*Records supplied*
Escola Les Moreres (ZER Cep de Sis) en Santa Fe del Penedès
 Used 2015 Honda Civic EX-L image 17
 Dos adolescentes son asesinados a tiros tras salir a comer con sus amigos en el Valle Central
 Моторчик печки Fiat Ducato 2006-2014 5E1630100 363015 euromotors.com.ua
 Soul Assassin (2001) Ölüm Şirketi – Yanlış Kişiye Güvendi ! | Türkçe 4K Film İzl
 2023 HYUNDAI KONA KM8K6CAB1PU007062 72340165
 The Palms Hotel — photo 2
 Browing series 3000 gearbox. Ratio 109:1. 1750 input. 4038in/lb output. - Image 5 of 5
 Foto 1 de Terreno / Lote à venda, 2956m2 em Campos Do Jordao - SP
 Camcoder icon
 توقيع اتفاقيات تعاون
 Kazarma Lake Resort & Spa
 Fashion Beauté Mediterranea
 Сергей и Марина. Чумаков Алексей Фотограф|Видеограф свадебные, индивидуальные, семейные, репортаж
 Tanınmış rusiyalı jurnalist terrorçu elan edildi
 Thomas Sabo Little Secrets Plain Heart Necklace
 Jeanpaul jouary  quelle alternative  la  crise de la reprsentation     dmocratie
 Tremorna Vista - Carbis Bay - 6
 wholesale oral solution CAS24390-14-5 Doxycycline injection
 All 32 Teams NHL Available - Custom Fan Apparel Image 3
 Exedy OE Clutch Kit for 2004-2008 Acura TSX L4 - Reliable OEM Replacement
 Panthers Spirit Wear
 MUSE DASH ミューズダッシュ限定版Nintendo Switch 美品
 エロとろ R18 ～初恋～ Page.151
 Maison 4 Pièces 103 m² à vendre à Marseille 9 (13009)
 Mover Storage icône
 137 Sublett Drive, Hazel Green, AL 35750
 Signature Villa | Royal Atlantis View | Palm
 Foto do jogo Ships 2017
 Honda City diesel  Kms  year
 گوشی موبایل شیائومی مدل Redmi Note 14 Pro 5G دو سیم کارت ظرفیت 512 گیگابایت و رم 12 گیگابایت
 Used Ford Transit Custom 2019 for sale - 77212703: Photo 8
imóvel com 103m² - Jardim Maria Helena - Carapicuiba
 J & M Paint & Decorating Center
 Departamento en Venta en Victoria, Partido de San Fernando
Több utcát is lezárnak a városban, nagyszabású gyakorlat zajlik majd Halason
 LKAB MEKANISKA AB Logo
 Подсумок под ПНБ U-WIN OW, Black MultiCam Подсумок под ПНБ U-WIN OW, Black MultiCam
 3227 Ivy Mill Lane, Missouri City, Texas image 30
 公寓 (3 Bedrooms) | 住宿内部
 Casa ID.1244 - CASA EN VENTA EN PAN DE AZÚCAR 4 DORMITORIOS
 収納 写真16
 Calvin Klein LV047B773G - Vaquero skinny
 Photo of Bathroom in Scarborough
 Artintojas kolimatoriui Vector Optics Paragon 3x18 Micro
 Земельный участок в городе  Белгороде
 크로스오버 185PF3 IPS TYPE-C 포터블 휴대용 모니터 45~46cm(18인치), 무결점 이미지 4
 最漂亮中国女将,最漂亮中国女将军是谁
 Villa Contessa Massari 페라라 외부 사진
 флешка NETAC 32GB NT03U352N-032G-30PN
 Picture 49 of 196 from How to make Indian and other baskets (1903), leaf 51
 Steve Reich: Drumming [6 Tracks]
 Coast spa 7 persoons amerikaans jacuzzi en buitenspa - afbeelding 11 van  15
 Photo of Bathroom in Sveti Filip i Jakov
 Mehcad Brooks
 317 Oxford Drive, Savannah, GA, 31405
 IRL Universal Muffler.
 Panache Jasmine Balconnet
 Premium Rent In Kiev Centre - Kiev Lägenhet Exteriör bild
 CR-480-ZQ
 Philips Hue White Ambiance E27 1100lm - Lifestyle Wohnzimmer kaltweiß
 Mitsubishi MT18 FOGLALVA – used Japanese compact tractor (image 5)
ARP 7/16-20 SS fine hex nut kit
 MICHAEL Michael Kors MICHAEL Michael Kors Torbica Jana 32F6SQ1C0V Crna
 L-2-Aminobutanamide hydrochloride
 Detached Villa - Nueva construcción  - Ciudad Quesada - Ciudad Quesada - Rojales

*Required work*
Taking the records above, retype every line from the one with "Thomas Sabo Little" down to the one with "Villa Contessa Massari 페라라 외부 사진", exactly and with nothing else.

*Task result*
 Thomas Sabo Little Secrets Plain Heart Necklace
 Jeanpaul jouary  quelle alternative  la  crise de la reprsentation     dmocratie
 Tremorna Vista - Carbis Bay - 6
 wholesale oral solution CAS24390-14-5 Doxycycline injection
 All 32 Teams NHL Available - Custom Fan Apparel Image 3
 Exedy OE Clutch Kit for 2004-2008 Acura TSX L4 - Reliable OEM Replacement
 Panthers Spirit Wear
 MUSE DASH ミューズダッシュ限定版Nintendo Switch 美品
 エロとろ R18 ～初恋～ Page.151
 Maison 4 Pièces 103 m² à vendre à Marseille 9 (13009)
 Mover Storage icône
 137 Sublett Drive, Hazel Green, AL 35750
 Signature Villa | Royal Atlantis View | Palm
 Foto do jogo Ships 2017
 Honda City diesel  Kms  year
 گوشی موبایل شیائومی مدل Redmi Note 14 Pro 5G دو سیم کارت ظرفیت 512 گیگابایت و رم 12 گیگابایت
 Used Ford Transit Custom 2019 for sale - 77212703: Photo 8
imóvel com 103m² - Jardim Maria Helena - Carapicuiba
 J & M Paint & Decorating Center
 Departamento en Venta en Victoria, Partido de San Fernando
Több utcát is lezárnak a városban, nagyszabású gyakorlat zajlik majd Halason
 LKAB MEKANISKA AB Logo
 Подсумок под ПНБ U-WIN OW, Black MultiCam Подсумок под ПНБ U-WIN OW, Black MultiCam
 3227 Ivy Mill Lane, Missouri City, Texas image 30
 公寓 (3 Bedrooms) | 住宿内部
 Casa ID.1244 - CASA EN VENTA EN PAN DE AZÚCAR 4 DORMITORIOS
 収納 写真16
 Calvin Klein LV047B773G - Vaquero skinny
 Photo of Bathroom in Scarborough
 Artintojas kolimatoriui Vector Optics Paragon 3x18 Micro
 Земельный участок в городе  Белгороде
 크로스오버 185PF3 IPS TYPE-C 포터블 휴대용 모니터 45~46cm(18인치), 무결점 이미지 4
 最漂亮中国女将,最漂亮中国女将军是谁
 Villa Contessa Massari 페라라 외부 사진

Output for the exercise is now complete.